ASSIGNMENT>
Among the lines below, take the one holding "19 Jeana Close, Boyne Island QLD 4680", the one holding "5001864263 RENAULT Главный цилиндр сцепления", and all lines between them. Set them down exactly.
------ DATA IN THIS EXERCISE
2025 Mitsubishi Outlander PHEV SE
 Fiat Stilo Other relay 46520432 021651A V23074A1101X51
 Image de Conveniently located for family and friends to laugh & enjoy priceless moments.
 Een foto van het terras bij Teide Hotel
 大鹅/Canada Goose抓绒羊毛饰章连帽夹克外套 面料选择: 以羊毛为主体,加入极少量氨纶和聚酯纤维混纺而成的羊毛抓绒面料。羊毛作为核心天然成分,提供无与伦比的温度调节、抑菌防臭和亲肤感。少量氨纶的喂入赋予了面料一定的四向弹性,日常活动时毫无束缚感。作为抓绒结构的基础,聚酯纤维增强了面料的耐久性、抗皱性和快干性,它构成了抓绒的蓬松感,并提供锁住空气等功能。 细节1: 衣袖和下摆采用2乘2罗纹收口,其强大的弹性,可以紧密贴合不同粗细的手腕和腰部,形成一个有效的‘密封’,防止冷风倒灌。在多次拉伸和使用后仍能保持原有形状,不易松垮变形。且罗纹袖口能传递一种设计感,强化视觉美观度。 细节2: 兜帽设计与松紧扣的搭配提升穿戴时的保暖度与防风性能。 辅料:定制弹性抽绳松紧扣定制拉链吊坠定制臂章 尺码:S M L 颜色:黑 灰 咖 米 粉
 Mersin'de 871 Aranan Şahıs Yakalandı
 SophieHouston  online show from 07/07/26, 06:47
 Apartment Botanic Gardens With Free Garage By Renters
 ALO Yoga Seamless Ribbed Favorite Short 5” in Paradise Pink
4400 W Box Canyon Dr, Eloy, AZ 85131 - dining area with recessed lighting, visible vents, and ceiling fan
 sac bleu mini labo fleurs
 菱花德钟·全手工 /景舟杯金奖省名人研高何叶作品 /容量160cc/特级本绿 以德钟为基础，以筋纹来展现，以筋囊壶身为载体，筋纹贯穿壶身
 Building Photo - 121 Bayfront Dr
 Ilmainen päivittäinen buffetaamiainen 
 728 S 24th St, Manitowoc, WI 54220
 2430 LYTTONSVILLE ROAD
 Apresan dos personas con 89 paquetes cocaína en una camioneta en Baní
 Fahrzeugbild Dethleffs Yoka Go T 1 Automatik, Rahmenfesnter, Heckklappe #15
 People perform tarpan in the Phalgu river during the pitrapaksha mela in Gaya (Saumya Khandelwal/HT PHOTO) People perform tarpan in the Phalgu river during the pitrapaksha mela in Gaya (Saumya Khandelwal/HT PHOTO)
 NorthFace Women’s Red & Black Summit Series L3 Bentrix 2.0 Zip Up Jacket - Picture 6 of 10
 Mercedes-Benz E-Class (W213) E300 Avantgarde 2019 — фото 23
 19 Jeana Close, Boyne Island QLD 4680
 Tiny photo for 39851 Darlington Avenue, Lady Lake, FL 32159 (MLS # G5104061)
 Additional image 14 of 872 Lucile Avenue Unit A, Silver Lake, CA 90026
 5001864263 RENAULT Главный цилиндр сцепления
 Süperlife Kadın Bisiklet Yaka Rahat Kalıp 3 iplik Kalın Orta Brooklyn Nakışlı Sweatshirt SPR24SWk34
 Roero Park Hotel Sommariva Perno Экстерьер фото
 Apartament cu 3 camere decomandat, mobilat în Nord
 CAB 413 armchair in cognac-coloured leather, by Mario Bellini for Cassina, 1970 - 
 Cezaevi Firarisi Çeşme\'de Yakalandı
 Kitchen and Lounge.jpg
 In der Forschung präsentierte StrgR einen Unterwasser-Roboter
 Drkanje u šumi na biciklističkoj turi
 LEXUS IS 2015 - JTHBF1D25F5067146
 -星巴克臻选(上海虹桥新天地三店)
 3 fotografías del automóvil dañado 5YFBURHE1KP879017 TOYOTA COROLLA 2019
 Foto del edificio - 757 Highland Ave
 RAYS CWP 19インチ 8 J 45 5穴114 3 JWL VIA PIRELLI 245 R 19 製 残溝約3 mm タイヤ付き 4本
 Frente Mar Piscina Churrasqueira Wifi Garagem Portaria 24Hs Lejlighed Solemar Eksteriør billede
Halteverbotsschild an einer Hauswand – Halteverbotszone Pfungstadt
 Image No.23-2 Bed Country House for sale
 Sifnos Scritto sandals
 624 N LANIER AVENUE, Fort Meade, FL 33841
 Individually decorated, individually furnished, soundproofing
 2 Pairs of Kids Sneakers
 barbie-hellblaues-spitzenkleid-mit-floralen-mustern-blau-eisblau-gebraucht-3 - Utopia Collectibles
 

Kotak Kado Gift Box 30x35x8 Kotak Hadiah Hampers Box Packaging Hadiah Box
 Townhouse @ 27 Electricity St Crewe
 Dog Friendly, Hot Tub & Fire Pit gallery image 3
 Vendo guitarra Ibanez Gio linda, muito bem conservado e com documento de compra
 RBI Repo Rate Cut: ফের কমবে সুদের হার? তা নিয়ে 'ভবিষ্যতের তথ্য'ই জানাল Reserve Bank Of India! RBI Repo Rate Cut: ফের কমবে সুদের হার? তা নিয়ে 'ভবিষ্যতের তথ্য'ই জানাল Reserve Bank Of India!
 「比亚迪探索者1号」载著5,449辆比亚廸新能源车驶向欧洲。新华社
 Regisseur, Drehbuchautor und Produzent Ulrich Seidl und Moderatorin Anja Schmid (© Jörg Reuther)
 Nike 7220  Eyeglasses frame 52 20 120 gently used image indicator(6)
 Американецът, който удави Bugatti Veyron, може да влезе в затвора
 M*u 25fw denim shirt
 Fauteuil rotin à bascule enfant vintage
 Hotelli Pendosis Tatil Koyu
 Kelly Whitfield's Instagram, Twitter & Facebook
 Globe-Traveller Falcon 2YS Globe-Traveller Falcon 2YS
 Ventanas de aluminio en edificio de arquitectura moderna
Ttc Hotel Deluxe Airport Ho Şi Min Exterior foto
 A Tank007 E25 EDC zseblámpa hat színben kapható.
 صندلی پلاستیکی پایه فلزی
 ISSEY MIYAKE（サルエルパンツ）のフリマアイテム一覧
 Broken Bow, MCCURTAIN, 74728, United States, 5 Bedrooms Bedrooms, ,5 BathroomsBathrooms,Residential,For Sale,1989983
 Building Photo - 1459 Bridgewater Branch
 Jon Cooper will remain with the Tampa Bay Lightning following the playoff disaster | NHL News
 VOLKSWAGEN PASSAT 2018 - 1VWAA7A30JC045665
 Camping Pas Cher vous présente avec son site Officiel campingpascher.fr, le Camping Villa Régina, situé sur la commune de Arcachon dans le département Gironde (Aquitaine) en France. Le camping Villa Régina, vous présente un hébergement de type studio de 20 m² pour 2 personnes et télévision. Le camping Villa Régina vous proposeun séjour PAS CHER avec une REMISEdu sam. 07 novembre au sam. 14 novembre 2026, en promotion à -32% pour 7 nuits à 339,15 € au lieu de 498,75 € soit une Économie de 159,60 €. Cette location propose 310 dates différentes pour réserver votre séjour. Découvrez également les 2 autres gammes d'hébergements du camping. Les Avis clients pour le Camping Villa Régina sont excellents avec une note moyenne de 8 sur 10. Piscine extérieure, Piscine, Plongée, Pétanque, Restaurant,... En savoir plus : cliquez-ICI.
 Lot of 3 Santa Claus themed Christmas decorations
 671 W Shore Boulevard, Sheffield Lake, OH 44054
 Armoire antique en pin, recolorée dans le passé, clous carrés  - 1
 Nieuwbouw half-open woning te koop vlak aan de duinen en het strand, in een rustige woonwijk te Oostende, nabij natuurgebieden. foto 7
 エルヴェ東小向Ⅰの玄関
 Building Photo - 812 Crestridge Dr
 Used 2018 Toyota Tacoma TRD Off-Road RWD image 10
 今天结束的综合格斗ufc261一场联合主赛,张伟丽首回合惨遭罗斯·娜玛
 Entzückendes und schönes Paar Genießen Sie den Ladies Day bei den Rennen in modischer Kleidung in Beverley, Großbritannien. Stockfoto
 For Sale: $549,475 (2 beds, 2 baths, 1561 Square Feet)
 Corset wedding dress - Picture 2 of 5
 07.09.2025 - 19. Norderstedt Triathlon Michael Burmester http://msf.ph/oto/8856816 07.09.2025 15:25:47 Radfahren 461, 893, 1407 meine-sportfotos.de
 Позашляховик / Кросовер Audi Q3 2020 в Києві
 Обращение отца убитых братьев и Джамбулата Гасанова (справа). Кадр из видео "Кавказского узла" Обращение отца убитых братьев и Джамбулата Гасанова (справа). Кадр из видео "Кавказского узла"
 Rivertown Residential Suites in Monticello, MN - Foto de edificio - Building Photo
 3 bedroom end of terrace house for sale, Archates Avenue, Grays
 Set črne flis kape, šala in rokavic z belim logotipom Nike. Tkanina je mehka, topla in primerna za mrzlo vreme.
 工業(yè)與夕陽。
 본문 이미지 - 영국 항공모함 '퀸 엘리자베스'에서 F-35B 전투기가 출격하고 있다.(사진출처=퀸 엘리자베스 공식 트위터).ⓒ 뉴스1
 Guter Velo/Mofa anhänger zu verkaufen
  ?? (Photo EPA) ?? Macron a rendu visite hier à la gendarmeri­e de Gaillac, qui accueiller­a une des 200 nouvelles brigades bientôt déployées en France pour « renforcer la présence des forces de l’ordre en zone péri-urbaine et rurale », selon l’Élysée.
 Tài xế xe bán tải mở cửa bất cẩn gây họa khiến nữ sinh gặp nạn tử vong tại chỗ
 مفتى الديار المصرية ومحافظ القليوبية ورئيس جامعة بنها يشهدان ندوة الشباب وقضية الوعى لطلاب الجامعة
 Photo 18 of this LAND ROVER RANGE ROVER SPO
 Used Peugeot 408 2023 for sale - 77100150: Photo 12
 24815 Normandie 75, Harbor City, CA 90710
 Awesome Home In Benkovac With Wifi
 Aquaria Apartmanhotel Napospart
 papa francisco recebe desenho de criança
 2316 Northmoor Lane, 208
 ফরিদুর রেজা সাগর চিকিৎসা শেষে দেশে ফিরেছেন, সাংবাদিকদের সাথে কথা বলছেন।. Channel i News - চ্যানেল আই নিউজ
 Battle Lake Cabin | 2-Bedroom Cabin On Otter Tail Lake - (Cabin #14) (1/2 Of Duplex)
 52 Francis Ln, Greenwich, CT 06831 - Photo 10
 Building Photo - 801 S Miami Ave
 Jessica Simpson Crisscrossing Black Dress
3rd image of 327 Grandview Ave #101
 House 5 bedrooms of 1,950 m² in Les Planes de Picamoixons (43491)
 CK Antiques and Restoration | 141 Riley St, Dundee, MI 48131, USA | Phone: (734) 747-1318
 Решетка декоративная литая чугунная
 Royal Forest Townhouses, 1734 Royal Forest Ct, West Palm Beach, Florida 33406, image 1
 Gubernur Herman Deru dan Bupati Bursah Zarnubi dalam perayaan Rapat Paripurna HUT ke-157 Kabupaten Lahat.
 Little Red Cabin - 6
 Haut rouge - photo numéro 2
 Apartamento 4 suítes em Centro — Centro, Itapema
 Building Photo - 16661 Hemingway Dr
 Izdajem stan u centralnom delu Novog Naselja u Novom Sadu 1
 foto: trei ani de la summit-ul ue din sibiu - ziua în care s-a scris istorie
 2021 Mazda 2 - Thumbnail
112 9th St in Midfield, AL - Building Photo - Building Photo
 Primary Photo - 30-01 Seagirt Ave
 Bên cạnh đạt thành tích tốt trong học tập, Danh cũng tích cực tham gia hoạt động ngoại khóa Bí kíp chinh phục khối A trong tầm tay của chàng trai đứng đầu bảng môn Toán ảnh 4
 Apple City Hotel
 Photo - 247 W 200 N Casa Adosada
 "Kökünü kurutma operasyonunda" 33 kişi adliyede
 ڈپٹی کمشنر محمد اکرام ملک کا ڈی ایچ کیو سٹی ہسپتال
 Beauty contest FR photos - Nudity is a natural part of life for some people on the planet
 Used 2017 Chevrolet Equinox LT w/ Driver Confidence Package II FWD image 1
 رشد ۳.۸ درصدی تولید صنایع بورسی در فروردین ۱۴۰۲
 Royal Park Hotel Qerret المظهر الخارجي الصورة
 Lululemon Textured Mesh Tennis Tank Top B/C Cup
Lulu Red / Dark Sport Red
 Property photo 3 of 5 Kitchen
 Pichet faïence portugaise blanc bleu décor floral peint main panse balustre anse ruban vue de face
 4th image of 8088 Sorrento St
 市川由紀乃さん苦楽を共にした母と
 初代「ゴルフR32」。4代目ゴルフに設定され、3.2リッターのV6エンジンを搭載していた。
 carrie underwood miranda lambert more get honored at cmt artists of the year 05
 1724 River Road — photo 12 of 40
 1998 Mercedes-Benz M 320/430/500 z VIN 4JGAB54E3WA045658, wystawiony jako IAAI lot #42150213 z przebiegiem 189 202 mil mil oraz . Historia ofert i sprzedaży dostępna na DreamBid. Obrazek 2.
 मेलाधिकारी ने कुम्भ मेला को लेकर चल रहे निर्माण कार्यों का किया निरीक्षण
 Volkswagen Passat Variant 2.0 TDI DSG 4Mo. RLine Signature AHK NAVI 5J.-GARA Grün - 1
------------
EXERCISE ANSWER>
 19 Jeana Close, Boyne Island QLD 4680
 Tiny photo for 39851 Darlington Avenue, Lady Lake, FL 32159 (MLS # G5104061)
 Additional image 14 of 872 Lucile Avenue Unit A, Silver Lake, CA 90026
 5001864263 RENAULT Главный цилиндр сцепления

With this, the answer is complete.